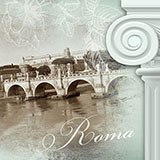 Vinilos Decorativos: Roma y su arquitectura 3
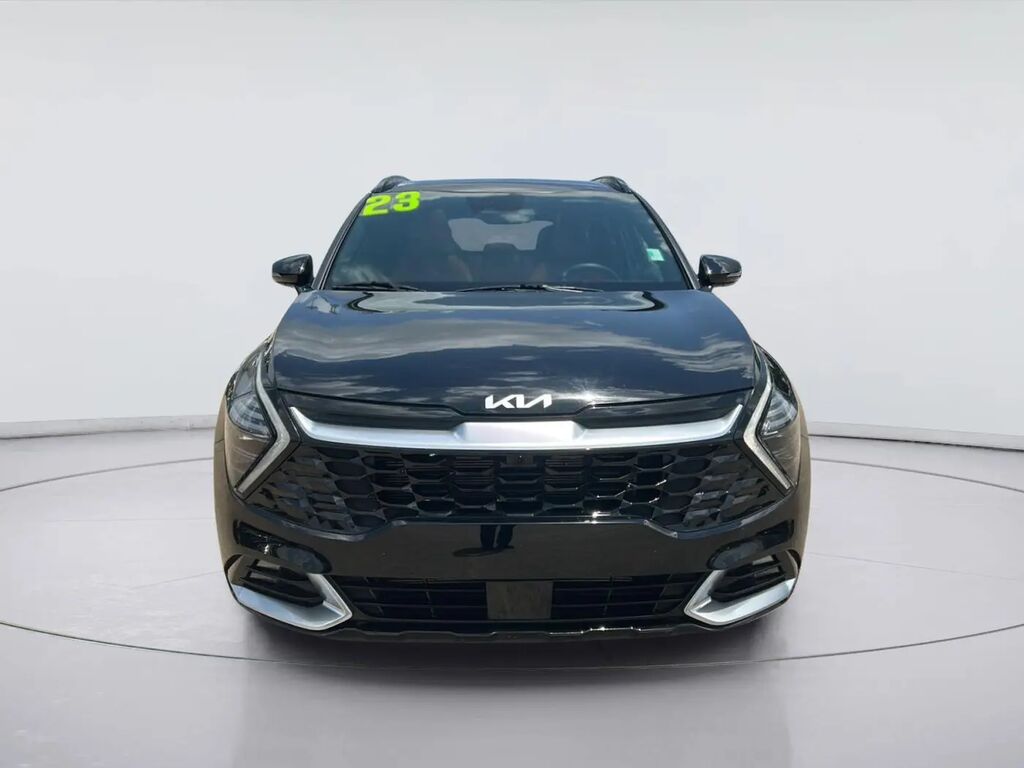 2023 Kia Sportage SX-Prestige — photo 1 of 13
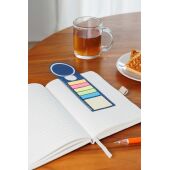 Boekenlegger Clay | Karton - blauw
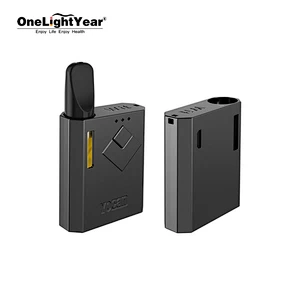 Original Yocan Wit/Uni pro/evolve/handy 500mah 510 Thread battery Adjustable voltage from one light year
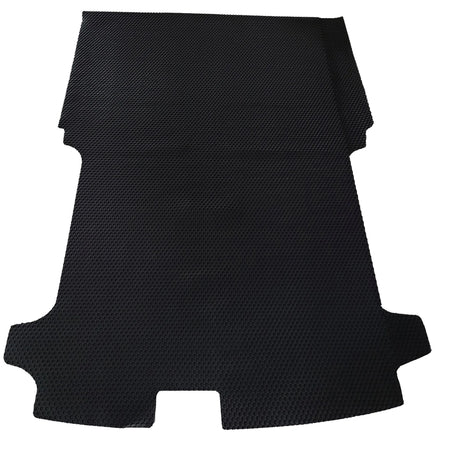 Ford Transit Custom SWB Rear Rubber Floor Mat (2013-2023) - UK Custom Covers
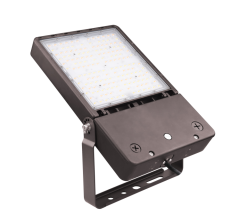 LED Flood Light, 300W, 5700K, 45,000 Lumens, 100-277 VAC - Lumens Depot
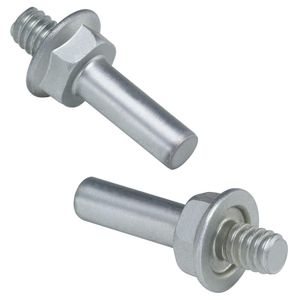 3M (82455) Vástago 82455, 0.236 in 1/4-20 Externo [Usted está comprando la cantidad de orden de la Min que es 5 cada uno]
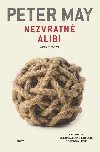 Nezvratné alibi - Peter May 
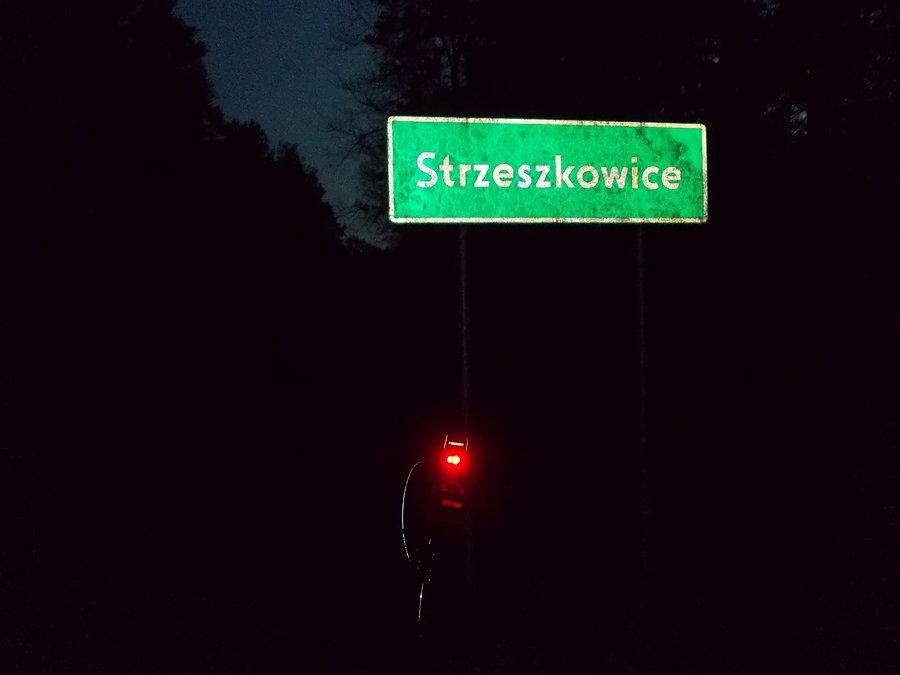 Wieczorne Strzeszkowice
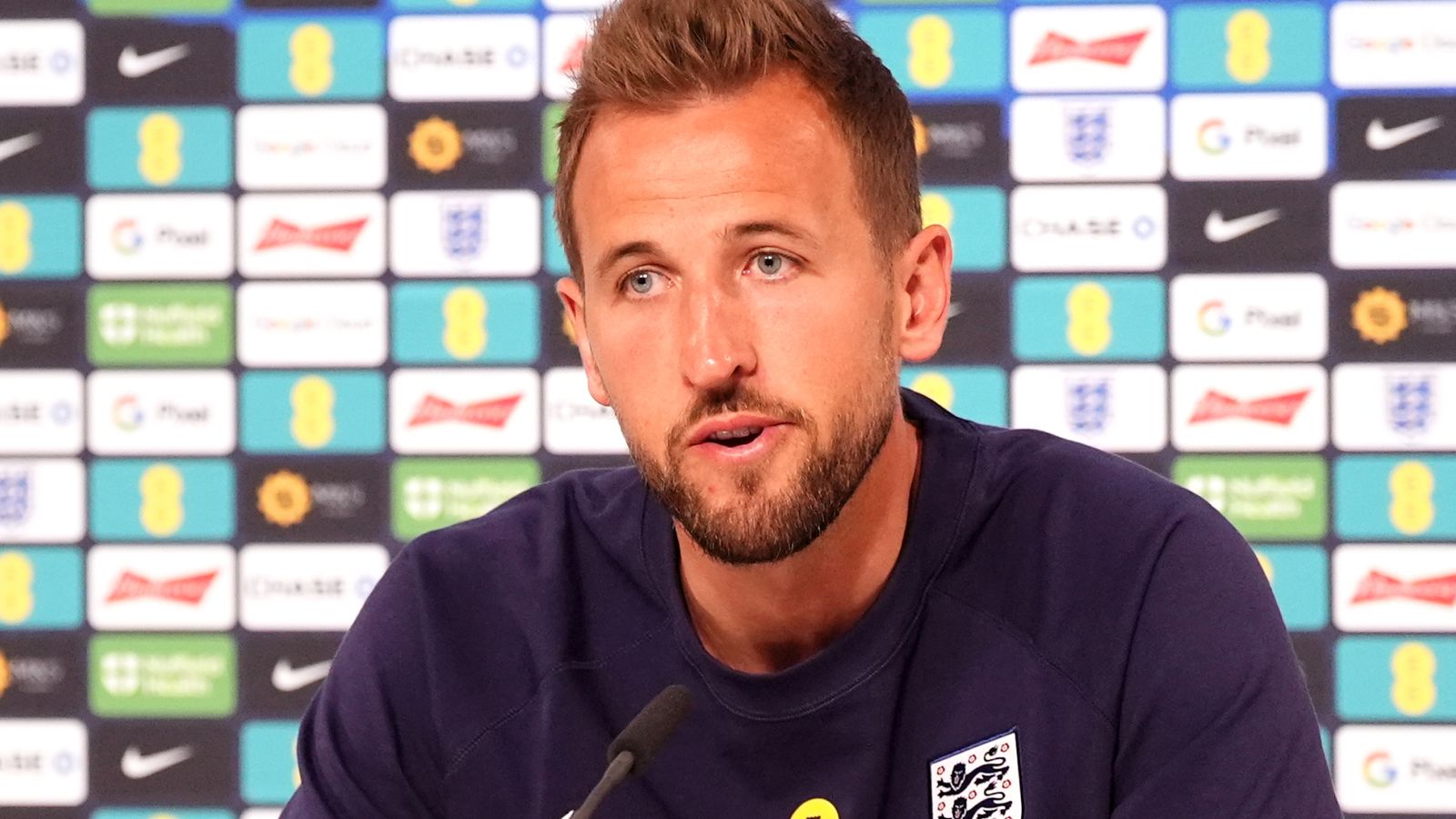 Harry Kane: England captain says he is ‘fresh and fit’, but Three Lions ‘not played the way we wanted’ at Euro 2024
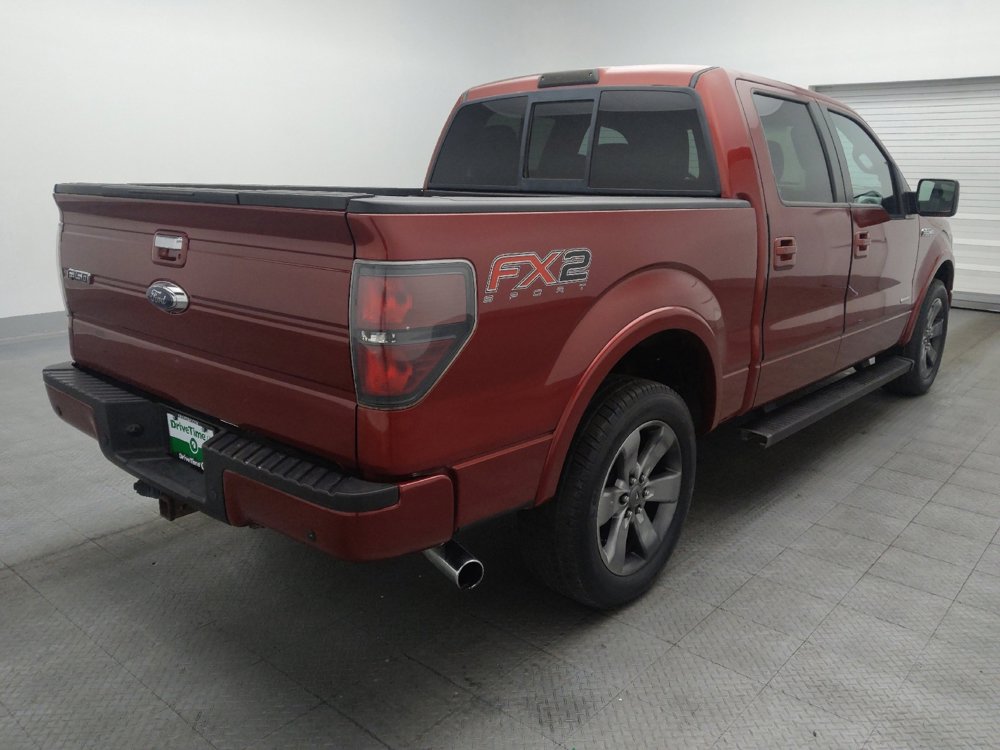 Used 2013 Ford F150 FX2 w/ Luxury Equipment Group image 9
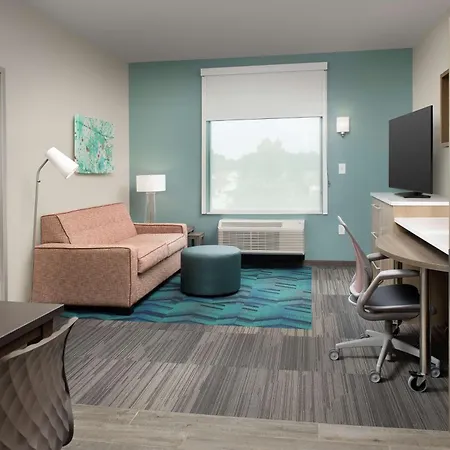 Home2 Suites By Hilton Columbus Polaris Flint Esterno foto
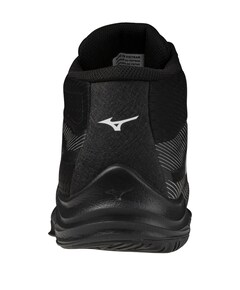 LIGHTNING SELECT MID(U) dames volleybalschoenen zwart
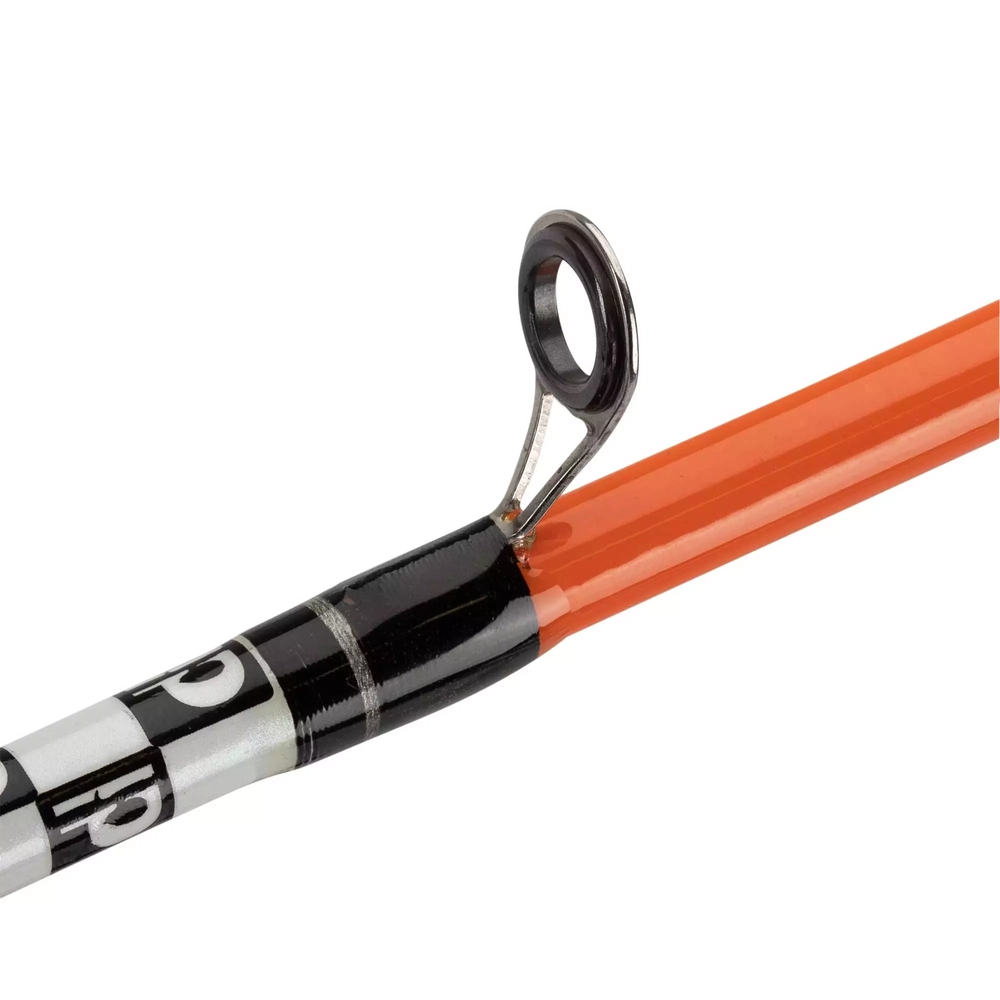 ProFishiency Micro Spincast Combo, 5', High Vis Orange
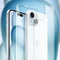for iPhone 15 Plus Screen Protector Front and Back, iPhone 15 Plus Glass Protector Front & Rear Tempered Glass HD Clarity Compatible with iPhone 1...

| Task goal |
Copy the lines exactly as they appear from the opening of the entries above through the line with "Ford Transit Custom", excluding all pictures.

| Task answer |
 Vinilos Decorativos: Roma y su arquitectura 3
 2023 Kia Sportage SX-Prestige — photo 1 of 13
 Boekenlegger Clay | Karton - blauw
 Original Yocan Wit/Uni pro/evolve/handy 500mah 510 Thread battery Adjustable voltage from one light year
 Ford Transit Custom SWB Rear Rubber Floor Mat (2013-2023) - UK Custom Covers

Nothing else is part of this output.